++++ Provided material ++++

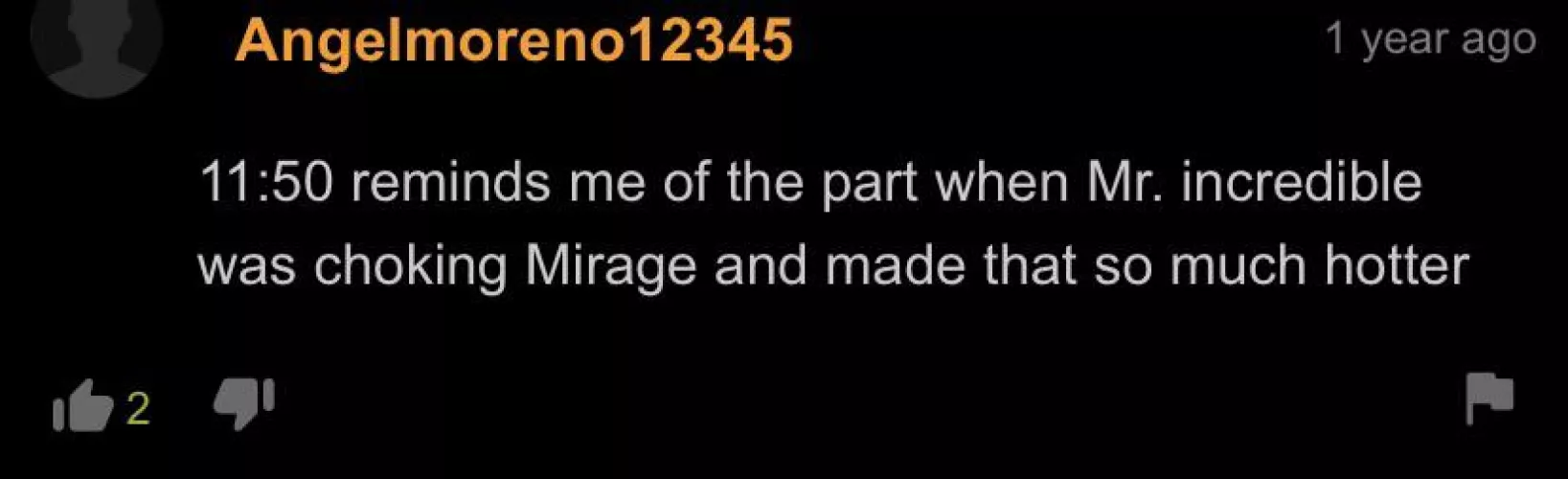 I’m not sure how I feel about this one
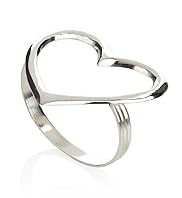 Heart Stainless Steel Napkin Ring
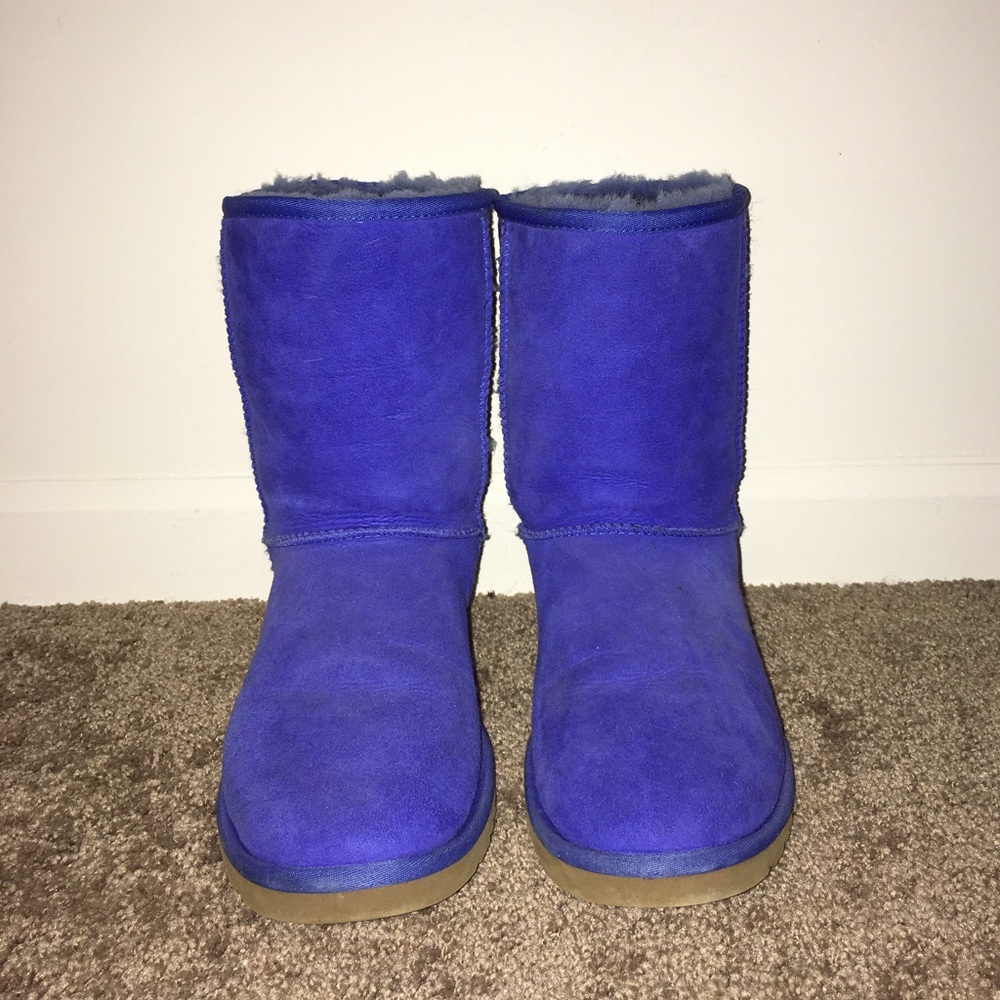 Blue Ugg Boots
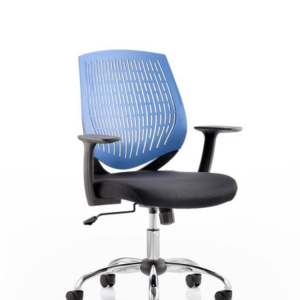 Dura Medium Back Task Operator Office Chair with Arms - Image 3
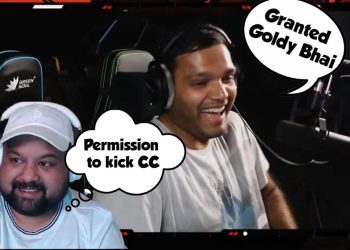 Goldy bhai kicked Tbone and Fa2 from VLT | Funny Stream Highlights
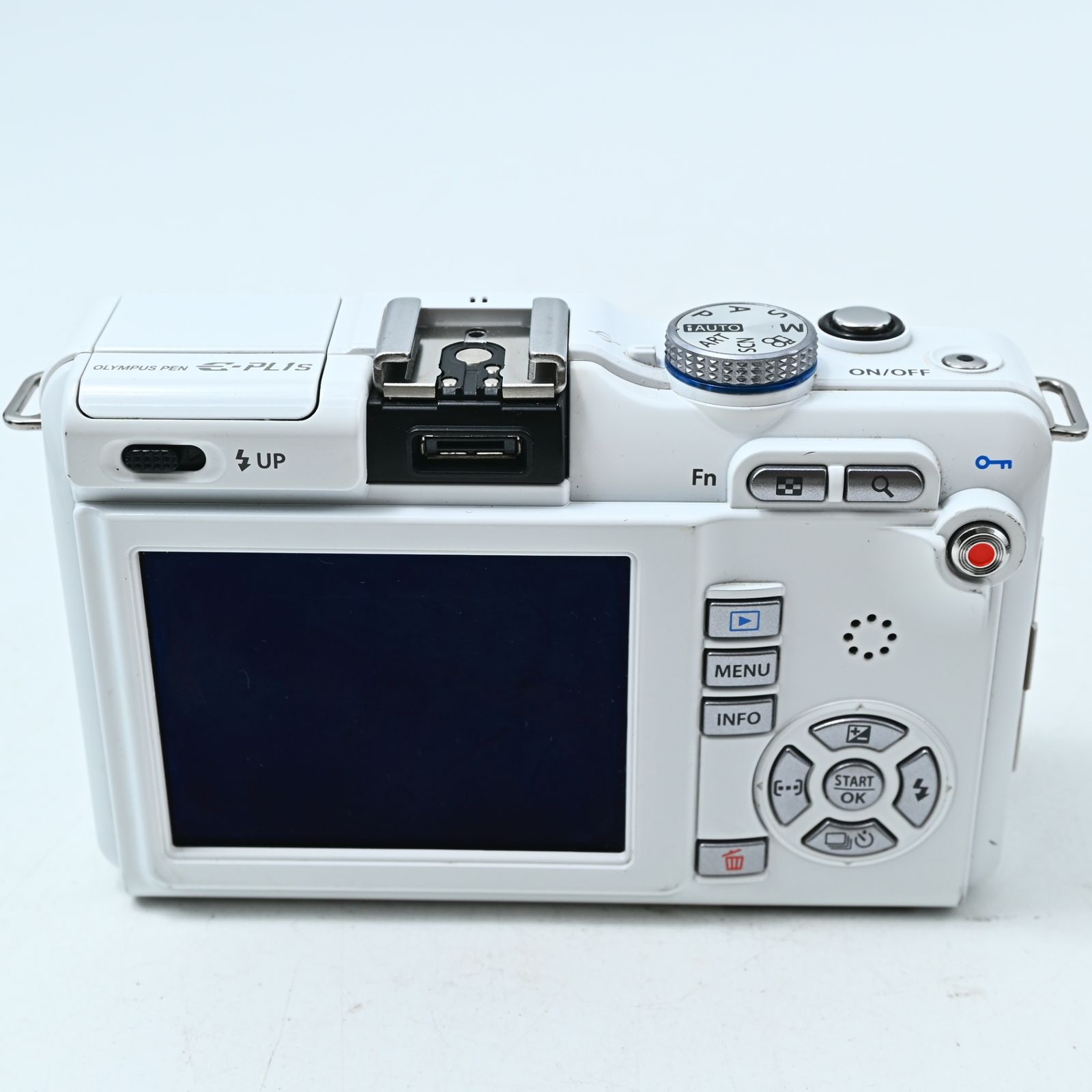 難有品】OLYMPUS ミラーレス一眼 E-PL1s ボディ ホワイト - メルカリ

++++

## Work request
All of the records above should be returned exactly, though the pictures should not.

## Answer space
 I’m not sure how I feel about this one
 Heart Stainless Steel Napkin Ring
 Blue Ugg Boots
 Dura Medium Back Task Operator Office Chair with Arms - Image 3
 Goldy bhai kicked Tbone and Fa2 from VLT | Funny Stream Highlights
 難有品】OLYMPUS ミラーレス一眼 E-PL1s ボディ ホワイト - メルカリ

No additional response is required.